Stored items:
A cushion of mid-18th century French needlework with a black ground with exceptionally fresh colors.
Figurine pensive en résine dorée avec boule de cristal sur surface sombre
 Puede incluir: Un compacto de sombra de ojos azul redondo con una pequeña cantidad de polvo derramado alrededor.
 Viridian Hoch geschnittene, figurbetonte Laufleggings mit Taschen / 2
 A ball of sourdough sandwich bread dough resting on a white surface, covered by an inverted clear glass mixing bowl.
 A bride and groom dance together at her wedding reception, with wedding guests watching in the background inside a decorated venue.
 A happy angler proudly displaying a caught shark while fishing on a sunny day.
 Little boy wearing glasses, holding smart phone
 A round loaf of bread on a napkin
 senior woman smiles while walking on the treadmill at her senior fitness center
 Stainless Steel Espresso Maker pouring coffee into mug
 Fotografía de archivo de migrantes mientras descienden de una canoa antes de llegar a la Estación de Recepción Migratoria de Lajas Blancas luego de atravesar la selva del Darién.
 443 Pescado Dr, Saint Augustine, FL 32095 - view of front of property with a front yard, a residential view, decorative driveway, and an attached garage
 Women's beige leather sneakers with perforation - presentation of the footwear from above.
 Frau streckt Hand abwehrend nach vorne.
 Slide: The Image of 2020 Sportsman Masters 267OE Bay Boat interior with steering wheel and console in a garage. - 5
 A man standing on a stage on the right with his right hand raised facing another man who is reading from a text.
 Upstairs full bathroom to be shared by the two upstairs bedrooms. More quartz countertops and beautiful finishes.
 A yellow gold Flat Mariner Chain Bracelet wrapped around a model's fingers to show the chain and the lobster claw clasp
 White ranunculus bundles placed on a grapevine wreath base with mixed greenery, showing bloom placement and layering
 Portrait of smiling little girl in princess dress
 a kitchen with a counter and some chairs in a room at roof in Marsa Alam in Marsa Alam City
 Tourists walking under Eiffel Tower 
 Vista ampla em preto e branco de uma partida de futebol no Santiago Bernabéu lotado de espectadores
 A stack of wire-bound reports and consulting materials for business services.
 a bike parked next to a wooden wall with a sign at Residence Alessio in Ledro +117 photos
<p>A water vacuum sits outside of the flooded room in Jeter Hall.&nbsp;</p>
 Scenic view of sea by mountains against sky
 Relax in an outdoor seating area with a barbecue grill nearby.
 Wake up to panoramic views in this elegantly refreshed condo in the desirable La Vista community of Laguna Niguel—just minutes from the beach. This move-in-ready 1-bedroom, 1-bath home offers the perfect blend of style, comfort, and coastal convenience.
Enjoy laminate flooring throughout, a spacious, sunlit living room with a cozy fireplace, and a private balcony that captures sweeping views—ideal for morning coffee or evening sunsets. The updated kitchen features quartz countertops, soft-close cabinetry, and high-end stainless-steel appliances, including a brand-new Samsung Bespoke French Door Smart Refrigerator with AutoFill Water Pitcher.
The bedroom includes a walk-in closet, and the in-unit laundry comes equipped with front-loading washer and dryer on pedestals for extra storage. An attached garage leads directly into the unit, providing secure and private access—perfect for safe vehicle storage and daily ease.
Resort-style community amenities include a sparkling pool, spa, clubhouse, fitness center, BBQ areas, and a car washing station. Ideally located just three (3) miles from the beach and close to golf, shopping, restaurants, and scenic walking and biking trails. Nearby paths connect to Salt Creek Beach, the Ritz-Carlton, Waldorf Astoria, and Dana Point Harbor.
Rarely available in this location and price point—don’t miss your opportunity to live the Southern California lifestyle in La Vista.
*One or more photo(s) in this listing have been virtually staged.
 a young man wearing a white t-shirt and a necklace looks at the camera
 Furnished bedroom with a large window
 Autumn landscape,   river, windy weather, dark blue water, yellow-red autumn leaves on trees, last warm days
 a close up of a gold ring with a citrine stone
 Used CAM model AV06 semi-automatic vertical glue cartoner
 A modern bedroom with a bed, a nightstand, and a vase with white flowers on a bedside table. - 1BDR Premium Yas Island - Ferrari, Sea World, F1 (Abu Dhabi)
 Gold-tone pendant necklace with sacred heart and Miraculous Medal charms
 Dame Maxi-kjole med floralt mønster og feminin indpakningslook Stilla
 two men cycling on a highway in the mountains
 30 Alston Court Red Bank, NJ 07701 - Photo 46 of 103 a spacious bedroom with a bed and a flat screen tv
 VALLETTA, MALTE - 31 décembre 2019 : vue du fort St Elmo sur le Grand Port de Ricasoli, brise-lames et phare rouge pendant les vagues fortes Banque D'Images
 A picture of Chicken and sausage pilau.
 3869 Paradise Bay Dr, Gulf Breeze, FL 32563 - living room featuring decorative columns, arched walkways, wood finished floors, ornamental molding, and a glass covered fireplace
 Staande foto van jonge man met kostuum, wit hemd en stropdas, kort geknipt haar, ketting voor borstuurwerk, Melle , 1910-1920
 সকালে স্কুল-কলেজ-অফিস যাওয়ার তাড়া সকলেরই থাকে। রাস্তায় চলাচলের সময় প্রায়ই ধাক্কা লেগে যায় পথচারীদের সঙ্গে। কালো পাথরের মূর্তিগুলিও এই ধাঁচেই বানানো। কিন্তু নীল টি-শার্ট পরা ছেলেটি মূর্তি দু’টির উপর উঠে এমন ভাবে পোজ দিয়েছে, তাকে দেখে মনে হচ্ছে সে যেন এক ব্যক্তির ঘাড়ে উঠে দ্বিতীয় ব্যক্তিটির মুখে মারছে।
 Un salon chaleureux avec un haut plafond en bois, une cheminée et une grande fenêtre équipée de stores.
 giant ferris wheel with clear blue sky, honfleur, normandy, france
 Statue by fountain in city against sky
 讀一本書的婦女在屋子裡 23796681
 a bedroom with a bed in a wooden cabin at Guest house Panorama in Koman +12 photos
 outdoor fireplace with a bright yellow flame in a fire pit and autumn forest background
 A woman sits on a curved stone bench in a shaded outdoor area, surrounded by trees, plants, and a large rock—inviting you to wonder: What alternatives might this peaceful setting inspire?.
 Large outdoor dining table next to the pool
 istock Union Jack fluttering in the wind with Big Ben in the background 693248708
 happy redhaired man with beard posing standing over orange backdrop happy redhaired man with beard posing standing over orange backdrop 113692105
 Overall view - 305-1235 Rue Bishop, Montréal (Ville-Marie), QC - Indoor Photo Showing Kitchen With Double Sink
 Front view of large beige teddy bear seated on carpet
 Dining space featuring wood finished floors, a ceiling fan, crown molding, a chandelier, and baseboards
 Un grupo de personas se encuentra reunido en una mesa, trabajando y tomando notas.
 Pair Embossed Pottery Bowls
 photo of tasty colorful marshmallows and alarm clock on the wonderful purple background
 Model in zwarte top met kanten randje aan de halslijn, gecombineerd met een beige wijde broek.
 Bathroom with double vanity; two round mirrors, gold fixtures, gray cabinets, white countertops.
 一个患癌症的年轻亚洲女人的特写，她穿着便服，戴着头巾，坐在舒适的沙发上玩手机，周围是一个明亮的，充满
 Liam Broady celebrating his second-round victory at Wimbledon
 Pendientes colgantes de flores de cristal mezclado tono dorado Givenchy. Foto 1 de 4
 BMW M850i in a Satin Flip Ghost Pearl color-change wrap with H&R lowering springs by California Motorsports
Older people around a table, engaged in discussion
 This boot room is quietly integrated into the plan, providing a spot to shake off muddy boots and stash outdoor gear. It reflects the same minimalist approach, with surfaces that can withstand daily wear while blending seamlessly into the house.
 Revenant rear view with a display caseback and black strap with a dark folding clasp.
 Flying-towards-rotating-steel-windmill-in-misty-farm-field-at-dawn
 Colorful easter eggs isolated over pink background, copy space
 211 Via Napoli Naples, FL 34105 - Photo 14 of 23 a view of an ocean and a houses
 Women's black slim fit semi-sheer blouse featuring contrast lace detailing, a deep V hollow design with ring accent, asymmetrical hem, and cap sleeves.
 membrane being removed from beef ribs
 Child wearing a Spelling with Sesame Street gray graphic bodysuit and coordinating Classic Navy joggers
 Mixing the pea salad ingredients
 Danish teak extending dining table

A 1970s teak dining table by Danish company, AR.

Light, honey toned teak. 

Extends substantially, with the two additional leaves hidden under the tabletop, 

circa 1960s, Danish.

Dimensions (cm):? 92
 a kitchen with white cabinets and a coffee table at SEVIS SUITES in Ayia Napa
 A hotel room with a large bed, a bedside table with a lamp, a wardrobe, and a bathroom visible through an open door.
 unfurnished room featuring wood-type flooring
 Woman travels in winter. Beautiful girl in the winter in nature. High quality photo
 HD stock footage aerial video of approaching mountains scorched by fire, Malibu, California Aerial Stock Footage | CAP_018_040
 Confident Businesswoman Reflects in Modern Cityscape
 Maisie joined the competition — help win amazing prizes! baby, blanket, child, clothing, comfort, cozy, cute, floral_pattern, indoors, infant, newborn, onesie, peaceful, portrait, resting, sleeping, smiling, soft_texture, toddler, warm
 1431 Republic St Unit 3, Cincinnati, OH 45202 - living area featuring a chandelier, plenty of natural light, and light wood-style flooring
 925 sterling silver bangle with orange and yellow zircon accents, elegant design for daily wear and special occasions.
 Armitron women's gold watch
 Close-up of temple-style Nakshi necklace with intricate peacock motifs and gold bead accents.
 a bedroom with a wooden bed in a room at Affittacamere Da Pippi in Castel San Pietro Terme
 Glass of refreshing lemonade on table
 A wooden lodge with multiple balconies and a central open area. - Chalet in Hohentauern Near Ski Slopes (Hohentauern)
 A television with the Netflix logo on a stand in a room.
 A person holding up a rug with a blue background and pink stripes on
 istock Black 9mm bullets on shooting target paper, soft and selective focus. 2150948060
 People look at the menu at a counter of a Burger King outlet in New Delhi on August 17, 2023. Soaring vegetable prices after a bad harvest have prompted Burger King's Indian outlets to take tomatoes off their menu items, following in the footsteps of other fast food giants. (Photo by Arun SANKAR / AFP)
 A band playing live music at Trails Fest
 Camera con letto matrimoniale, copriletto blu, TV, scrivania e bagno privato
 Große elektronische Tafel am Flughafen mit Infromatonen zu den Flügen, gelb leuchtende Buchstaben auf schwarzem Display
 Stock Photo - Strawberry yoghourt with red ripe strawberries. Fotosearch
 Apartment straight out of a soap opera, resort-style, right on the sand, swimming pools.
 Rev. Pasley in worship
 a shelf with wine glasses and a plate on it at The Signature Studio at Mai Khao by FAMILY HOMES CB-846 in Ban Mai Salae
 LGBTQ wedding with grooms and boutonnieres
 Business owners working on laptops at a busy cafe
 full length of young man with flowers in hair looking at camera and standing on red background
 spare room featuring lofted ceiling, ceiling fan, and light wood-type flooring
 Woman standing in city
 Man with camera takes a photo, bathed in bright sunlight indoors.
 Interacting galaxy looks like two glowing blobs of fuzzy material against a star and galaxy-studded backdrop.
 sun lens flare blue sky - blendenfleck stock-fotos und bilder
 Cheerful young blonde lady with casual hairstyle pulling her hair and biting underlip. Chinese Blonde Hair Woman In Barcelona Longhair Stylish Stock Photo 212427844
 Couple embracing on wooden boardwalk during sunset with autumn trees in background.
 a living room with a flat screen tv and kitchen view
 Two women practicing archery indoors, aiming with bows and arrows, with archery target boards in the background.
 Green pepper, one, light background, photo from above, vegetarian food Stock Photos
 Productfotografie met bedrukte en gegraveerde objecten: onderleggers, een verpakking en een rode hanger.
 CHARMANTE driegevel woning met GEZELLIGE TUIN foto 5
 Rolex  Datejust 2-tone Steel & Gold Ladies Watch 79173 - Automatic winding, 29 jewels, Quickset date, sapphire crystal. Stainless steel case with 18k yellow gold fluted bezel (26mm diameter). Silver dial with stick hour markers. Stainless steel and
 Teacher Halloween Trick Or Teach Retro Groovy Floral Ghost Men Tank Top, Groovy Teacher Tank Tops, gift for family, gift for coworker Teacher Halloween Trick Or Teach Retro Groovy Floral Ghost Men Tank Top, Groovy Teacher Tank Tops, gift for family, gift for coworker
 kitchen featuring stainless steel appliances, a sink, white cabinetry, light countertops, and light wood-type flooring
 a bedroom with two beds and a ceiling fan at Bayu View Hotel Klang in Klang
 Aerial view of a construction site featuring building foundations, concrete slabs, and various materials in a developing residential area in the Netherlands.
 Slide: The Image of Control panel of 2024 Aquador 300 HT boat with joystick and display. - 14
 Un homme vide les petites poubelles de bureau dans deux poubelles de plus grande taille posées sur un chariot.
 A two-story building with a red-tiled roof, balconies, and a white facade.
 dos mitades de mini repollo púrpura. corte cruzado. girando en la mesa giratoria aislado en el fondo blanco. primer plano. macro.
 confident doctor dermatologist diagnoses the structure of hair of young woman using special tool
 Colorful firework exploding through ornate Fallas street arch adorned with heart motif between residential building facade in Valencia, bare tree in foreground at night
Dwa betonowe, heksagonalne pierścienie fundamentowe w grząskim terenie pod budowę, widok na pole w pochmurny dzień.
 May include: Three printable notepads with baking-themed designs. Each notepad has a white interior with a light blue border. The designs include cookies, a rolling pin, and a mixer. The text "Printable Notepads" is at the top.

*WORK ITEM*: If a line of the records above holds the word "food", show it.

*ANSWER AREA*:
 People look at the menu at a counter of a Burger King outlet in New Delhi on August 17, 2023. Soaring vegetable prices after a bad harvest have prompted Burger King's Indian outlets to take tomatoes off their menu items, following in the footsteps of other fast food giants. (Photo by Arun SANKAR / AFP)
 Green pepper, one, light background, photo from above, vegetarian food Stock Photos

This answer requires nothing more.